**DATA SUPPLIED**
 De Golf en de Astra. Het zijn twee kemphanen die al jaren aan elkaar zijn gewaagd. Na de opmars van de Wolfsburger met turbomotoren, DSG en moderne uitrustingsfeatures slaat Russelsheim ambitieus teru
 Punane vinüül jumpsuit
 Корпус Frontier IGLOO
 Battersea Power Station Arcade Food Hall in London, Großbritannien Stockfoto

--

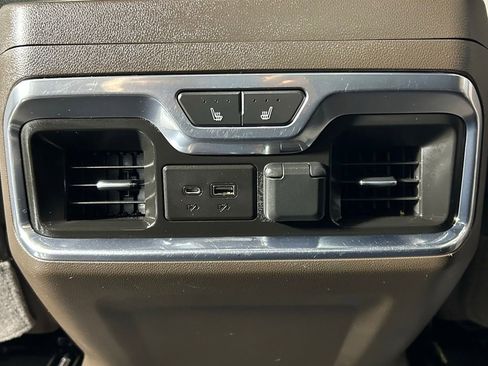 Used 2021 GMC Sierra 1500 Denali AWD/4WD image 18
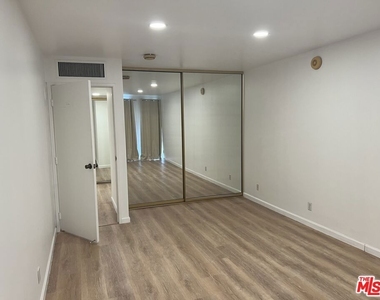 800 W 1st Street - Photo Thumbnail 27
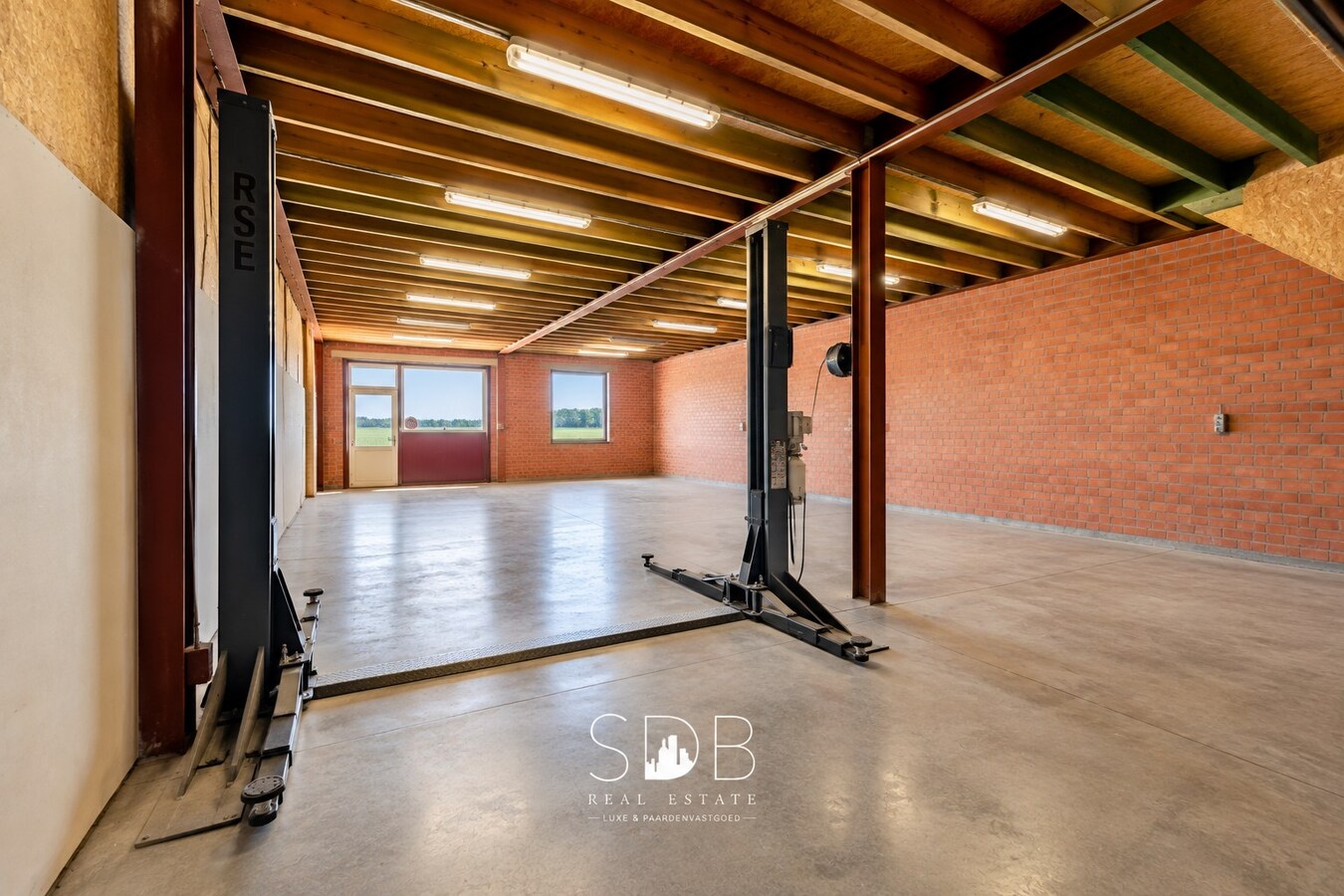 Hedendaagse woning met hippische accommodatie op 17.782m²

**TRY IT**
Can you repeat, word for word, every line above from the one containing "Корпус Frontier IGLOO" down to the one containing "Battersea Power Station", including both?

**THE COMPLETED TASK**
 Корпус Frontier IGLOO
 Battersea Power Station Arcade Food Hall in London, Großbritannien Stockfoto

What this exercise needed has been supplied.